SZOFG v Minister for Immigration
[2010] FMCA 660
•18 August 2010
FEDERAL MAGISTRATES COURT OF AUSTRALIA
| SZOFG v MINISTER FOR IMMIGRATION & ANOR | [2010] FMCA 660 |
| MIGRATION – Application to review decision of Refugee Review Tribunal – no jurisdictional error. |
| Migration Act 1958 (Cth), ss.91R, 424AA, 425 |
| Minister for Immigration and Ethnic Affairs v Wu Shan Liang and Others (1996) 185 CLR 259; [1996] HCA 6 NADR of 2001v Minister for Immigration and Multicultural and Indigenous Affairs (2002) 124 FCR 465; [2002] FCAFC 293 SZFDE and Others v Minister for Immigration and Citizenshipand Another (2007) 232 CLR 189; [2007] HCA 35 |
| Applicant: | SZOFG |
| First Respondent: | MINISTER FOR IMMIGRATION & CITIZENSHIP |
| Second Respondent: | REFUGEE REVIEW TRIBUNAL |
| File Number: | SYG504 of 2010 |
| Judgment of: | Barnes FM |
| Hearing date: | 18 August 2010 |
| Delivered at: | Sydney |
| Delivered on: | 18 August 2010 |
REPRESENTATION
| Applicant: | In person |
| Solicitors for the Respondents: | Sparke Helmore |
ORDERS
The application be dismissed.
The applicant pay the costs of the first respondent fixed in the sum of $3,500.
| FEDERAL MAGISTRATES COURT OF AUSTRALIA AT SYDNEY |
SYG504 of 2010
| SZOFG |
Applicant
And
| MINISTER FOR IMMIGRATION AND CITIZENSHIP |
First Respondent
| REFUGEE REVIEW TRIBUNAL |
Second Respondent
REASONS FOR JUDGMENT
(Revised from transcript)
This is an application for review of a decision of the Refugee Review Tribunal dated 3 February 2010 affirming a decision of a delegate of the first respondent not to grant the applicant a protection visa.
The applicant, a citizen of the People’s Republic of China, arrived in Australia in April 2007. She applied for a protection visa on 10 July 2009. She indicated in her protection visa application that a personal statement would be provided.
The Department received a typed statement on 22 July 2009 in which the applicant claimed to fear persecution from the authorities due to her involvement with the Local Church.
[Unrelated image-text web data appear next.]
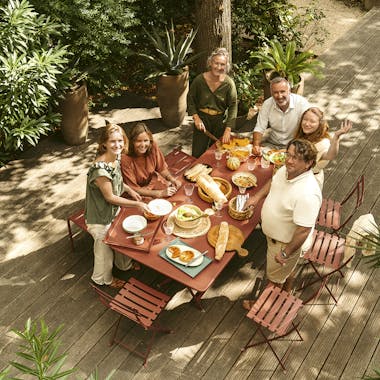 Family gathered together around Fermob Caractere table with Bistro chairs and Luxembourg bench in Red Ochre
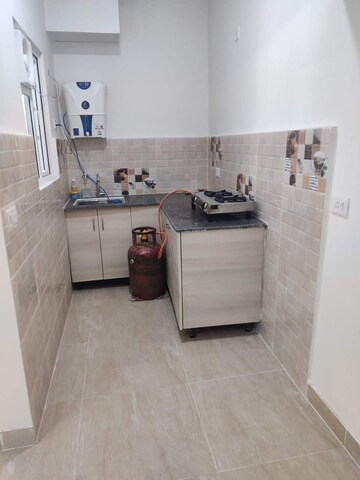 Kitchen in 1.5 BHK Apartment at Gaur City 2, Sector 16c Greater Noida – for Sale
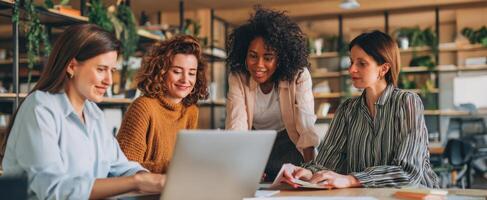 The women collaborating over a laptop in a modern office environment. photo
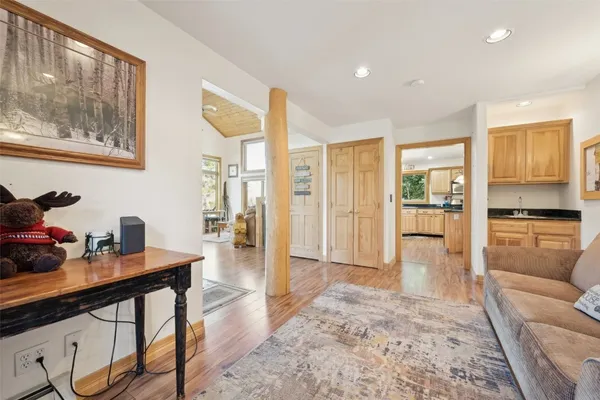 a living room with furniture and large windows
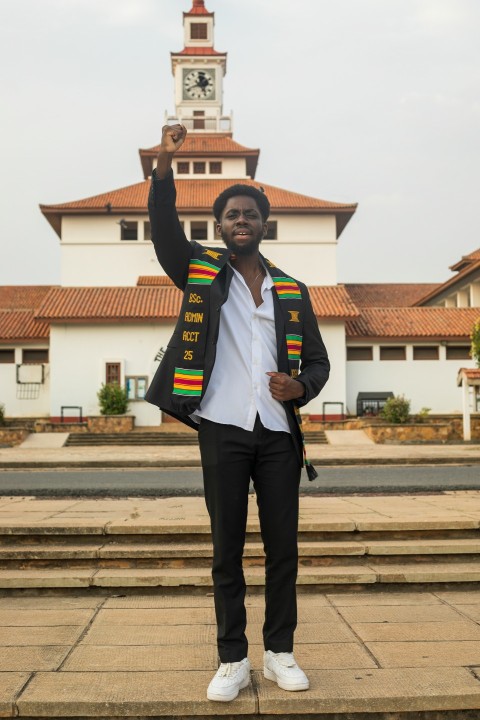 man in black suit standing on brown concrete stairs during daytime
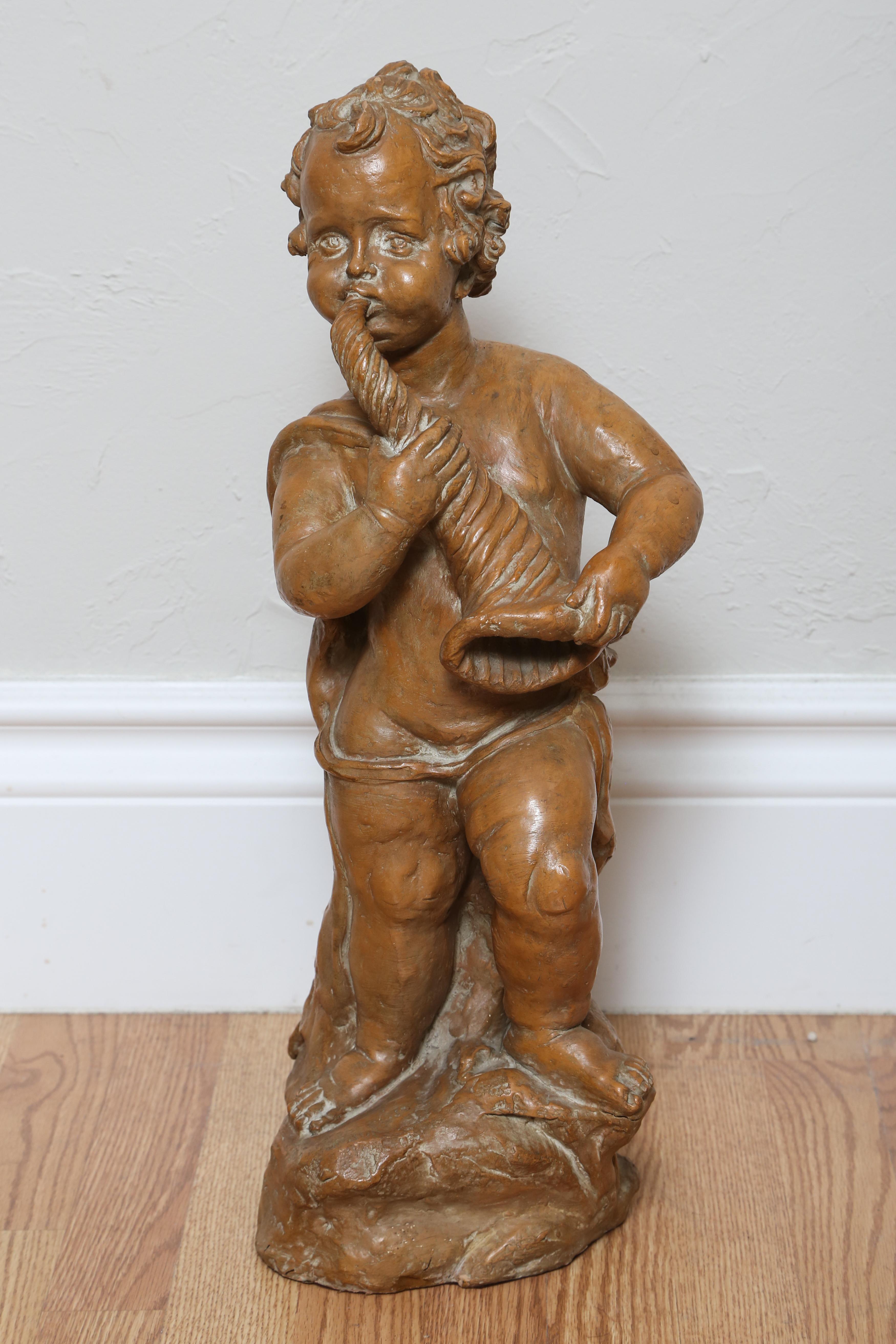 Delightful terra cotta cherub playing Horn. Made in France in the late 19th century.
She also detailed past concerns arising from the application of the one-child policy in China. Relevantly, she stated that in 1990 she and her husband had left their hometown and moved to another part of China because of such concerns. She claimed that from 1990 to 2006, while she was away from her hometown her home, which she described as “my old house there”, was used for the Local Church to have activities, store material, and produce copies of documents for meetings and event information.
The applicant came to Australia with her daughter as the holder of a student guardian visa in 2007. She claimed that just prior to her planned return to China in 2009 she heard from her younger brother that on 5 April 2009 her husband had been arrested. She claimed that on 1 April 2009 “Christian fellows were gathering at [her] old house”, that the police came and searched the house, discovered a printing machine and information, confiscated the material, “sealed up” the house, and took the people to the police station.
On 5 April 2009, when her husband returned to the applicant’s hometown for a festival, he was arrested. She claimed that he was imprisoned for a week and mistreated and that he “put all blames (sic) on” her. She claimed that her family had urged her not to return to China because the police were looking for her and she feared arrest and persecution from the police.
The applicant was invited to and attended an interview with a delegate of the first respondent. Her application was refused by the delegate on 8 October 2009. The applicant sought review by the Tribunal. She attended a Tribunal hearing.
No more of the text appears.